Pour un entraîneur, Jason, c’était un régal. Il voulait bosser, il aimait ça, mais il lui a fallu deux bonnes années pour exploser entre une première en National où il jouait un petit peu et une seconde en D2 où le niveau s’est élevé d’un coup. Sa grande saison, c’est l’année où on est montés en première division. Il avait toutes les qualités d’un attaquant moderne : il allait vite, avait un bon jeu de tête et était décisif dans de nombreux matchs. C’est pour ça qu’en première division, il s’est révélé et qu’il est ensuite parti en Italie.
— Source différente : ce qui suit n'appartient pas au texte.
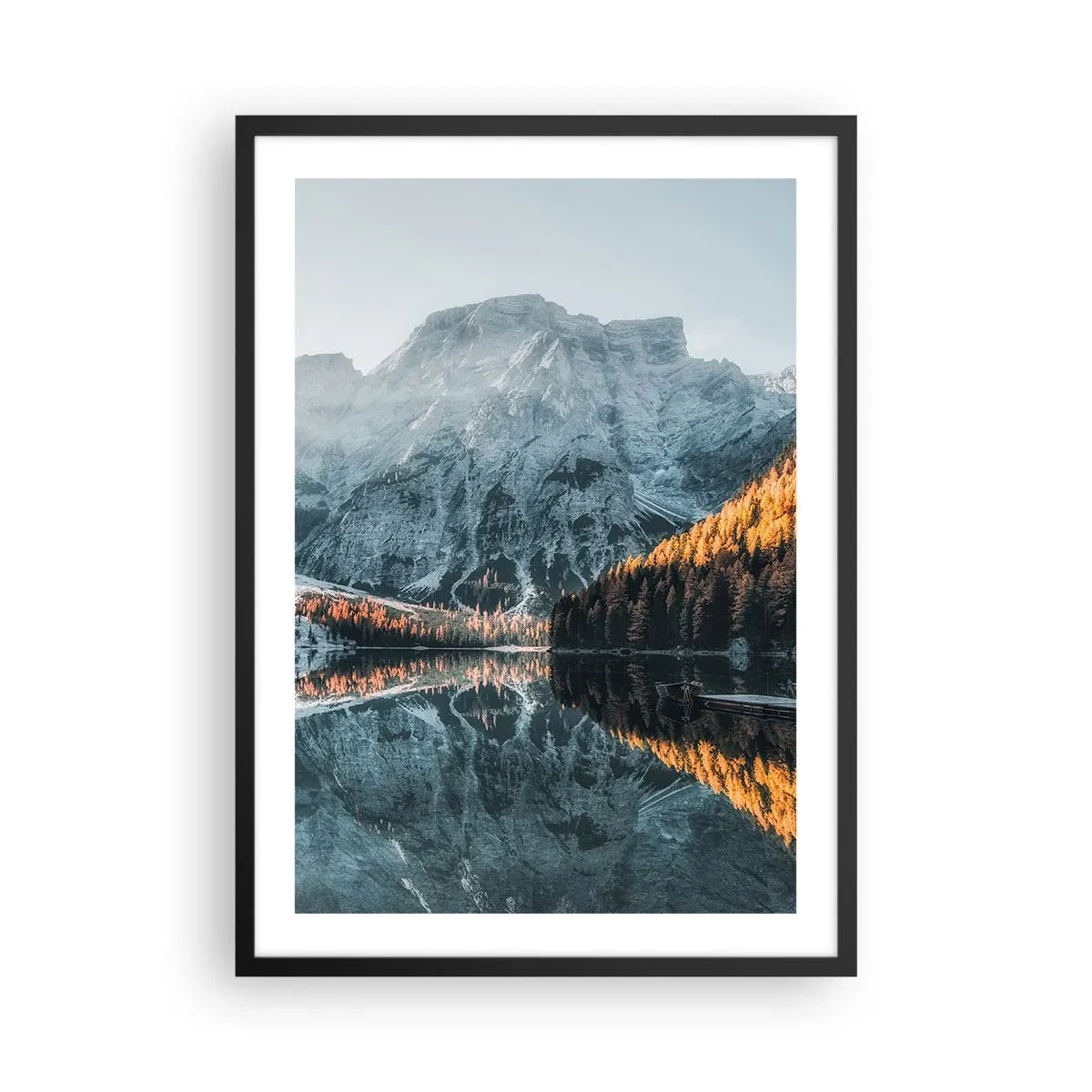 Affiche dans un cadre noir - Poster - Paysage de montagne reflété dans le lac au coucher du soleil - 50x70cm - Reflet de paysage - Décoration murale moderne pour le salon et la chambre ARTTOR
Au-delà du terrain, Jason, c’était le spectacle, même si j’étais très sévère avec lui. Je lui donnais les éléments sur le plan technique, des conseils, puis il était surtout bien entouré que ce soit avec Yann Lachuer, avec qui il se régalait, ou Laurent Dufresne. C’est au contact de ces mecs-là qu’il a grandi. Puis c’était un bon vivant. Il déconnait dans le vestiaire, il mettait l’ambiance. C’était l’Africain, donc il aimait chambrer, danser, c’était la période de la Black Connection avec Ferdinand Coly ou Patrick Mboma qu’il a rencontré lorsqu’il est arrivé au club.

Si on parle encore de lui à Châteauroux aujourd’hui, c’est parce qu’il a marqué les gens. Dans la ville, il se promenait, il discutait avec tout le monde, comme s’il était là depuis toujours. On le voyait au restaurant, il sortait souvent pour s’amuser, il avait des copines, il était bien avec tout le monde. Quand, en plus, sur le terrain, il envoyait du spectacle, les gens l’adoraient.

Son rêve, c’était l’Italie. Et, en D1, il a eu la chance d’être repéré par Cagliari. Pour lui, c’était le summum, même s’il avait des possibilités en France. Ce qui l’intéressait, c’était ce qu’il voyait à la télévision, donc c’était l’Italie. Il voulait montrer ses qualités là-bas. On se téléphonait souvent au départ, je voulais savoir comment ça se passait et je l’avais averti. Au début, quand il est arrivé en France, il ne voyait pas forcément le professionnalisme comme il fallait sur des détails comme la nourriture, les sorties, la récupération. En Italie, ça allait monter d’un cran, fallait qu’il le sache.

Et il y a donc eu ce 2 mars 2002. J’étais à Laval à cette époque. Un ami de Châteauroux m’a appelé pour me dire que Jason avait eu un accident de voiture et s’était tué. Pour moi, c’était le deuxième après Michel N’Gom qui était mon Mayélé quand j’étais joueur à Marseille. C’était mon protégé, qui était toujours avec moi et avait eu, lui aussi, un accident en partant à Auxerre. J’ai pris cette nouvelle comme si je perdais un membre de ma famille, ça m’a marqué. Dans une carrière, on peut avoir de belles complicités avec certains joueurs, j’en ai eu avec Teddy Bertin ou Karim Fradin après par exemple, mais je n’ai jamais rencontré un deuxième Jason Mayélé. »

Par Victor Zvunka, entraîneur de la Berrichonne de 1993 à 1998 et de 2003 à 2005.